Difficulties with the new regime for the acquisition of prescriptive rights introduced by the Land and Conveyancing Law Reform Act 2009 (the “2009 Act”) and the end of the transition period on 30 November 2021 caused significant concern amongst property lawyers and lenders, where access to or use of property relied on prescriptive rights. The Act averts the statutory deadline by repealing the changes introduced by the 2009 Act and seeks to address some of the legal issues around the acquisition and registration of prescriptive rights.
Whilst the Minister for Justice originally proposed extending the statutory deadline by six years, this provision does not appear in the Act. Rather, the Act repeals Sections 33 to 39 of the 2009 Act altogether and sets out new rules for the law on acquiring and validating prescriptive rights.

How will prescriptive rights be acquired post-30 November 2021?

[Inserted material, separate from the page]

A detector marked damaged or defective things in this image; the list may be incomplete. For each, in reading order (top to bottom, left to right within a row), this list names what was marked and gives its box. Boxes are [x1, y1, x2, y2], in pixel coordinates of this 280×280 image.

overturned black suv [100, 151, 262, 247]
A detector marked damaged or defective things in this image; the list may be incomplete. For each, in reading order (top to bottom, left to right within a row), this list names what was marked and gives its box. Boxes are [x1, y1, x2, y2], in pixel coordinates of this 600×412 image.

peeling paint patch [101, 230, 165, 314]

Claims will be decided under the common law ‘doctrine of lost modern grant’ (which requires a 20 year prescriptive use period), pending a more comprehensive review of the law in this area (which the Minister has committed to carrying out). This means that proof of the existence of a prescriptive right will revert to the use of statutory declarations in support of good marketable title where there is an undocumented right that has been relied upon for a significant period of time.
A longer use period will be required for the acquisition of prescriptive rights against State-owned land (including foreshore) after 30 November 2021; 30 years for land owned by a State authority and 60 years for foreshore.

What about prescriptive rights acquired pre-30 November 2021?

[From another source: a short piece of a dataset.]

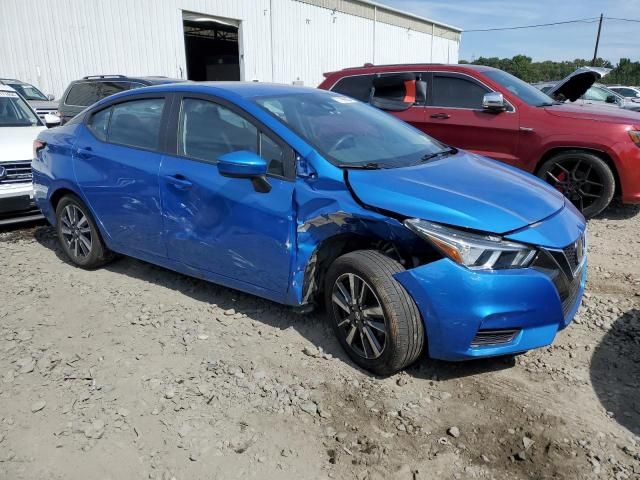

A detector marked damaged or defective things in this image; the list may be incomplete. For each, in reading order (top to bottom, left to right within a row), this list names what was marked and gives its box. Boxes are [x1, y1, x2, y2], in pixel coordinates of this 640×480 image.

Claims based on user periods completed before 1 December 2009 will be decided in accordance with the law that applied before that date, i.e. based on the ‘doctrine of lost modern grant’, common law prescription or statutory prescription under the Prescription Act 1832.
Applications (to court, or to the Property Registration Authority (“PRA”)) to validate or register prescriptive rights that are currently pending will not be affected by the changes contained in the Act.

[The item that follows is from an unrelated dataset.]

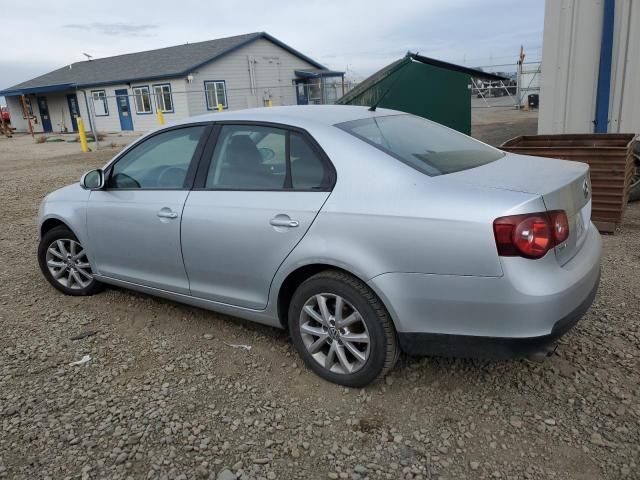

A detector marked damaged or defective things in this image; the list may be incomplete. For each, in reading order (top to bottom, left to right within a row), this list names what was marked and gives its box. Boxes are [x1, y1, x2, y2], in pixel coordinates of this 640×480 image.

rusty metal panel [502, 134, 636, 233]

Whilst clarification of the uncertainty in relation to the legal changes set out in the 2009 Act is welcome, the measures set out above may cause concern for landowners because validation of prescriptive rights by way of a court application or registration with the PRA will be optional (as it was before the 2009 Act), rather than a mandatory requirement to avoid losing any rights acquired through long use. However, those who rely on prescriptive rights, including statutory undertakers, will welcome the fact that registration is no longer required, given the well-documented issues with the PRA registration process.
[1] An easement is a private right held by one landowner over the property of an adjoining landowner, e.g. a right of way to access property, a right to use pipes or cables running under an adjoining landowner’s property or a right of support between adjacent buildings in different ownership. A profit à prendre is a private right held by one person (not necessarily a property owner) over another person’s land (not necessarily a neighbour) that involves taking a natural product of the land, e.g. a right to fish, hunt or mine.  Prescriptive easements or profits à prendre are ones that have been acquired by prescription, i.e. by long use as of right, where there is no written deed formally granting the right.